I'm also having a problem with his dystopic future where it seems that most people won't have employment because those sneaky robots will have usurped all the jobs, working as they will for that hellaciously expensive electricity rather than a few dollars an hour.  And of course that presumes that there will still be people with jobs that can afford to visit one of those holiday attractions, seeing how robots have taken all the jobs.  How do the customers in his vision earn the money they will spend?  To cover those gigantic food and electric costs?  Something here is not a balanced economy.

Those are the main reasons I think that here's another person that just doesn't "get" what they're talking about, and I only hope he starts learning through osmosis, the basic facts and figures of what the next fifty years hold for us.  I don't think that any of those visions will come true except as one-off projects that will survive as curiosities.

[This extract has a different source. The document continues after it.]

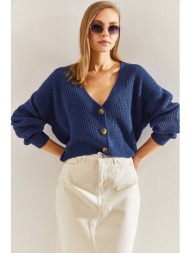bianco lucci women`s three-button corded knitwear cardigan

I'm more inclined to say that as electricity becomes the preferred power source over fossil fuels, and it becomes apparent that it's harder to fly Mohammed to the mountain by electric transport than it is to send a VR mountain to Mohammed's computer, this "blabber" that's currently not understood by so many will become the lingua franca (and eventually the mother tongue,) and a lot more holidays will be carried out a good deal closer to home, and a lot more often than just once a year.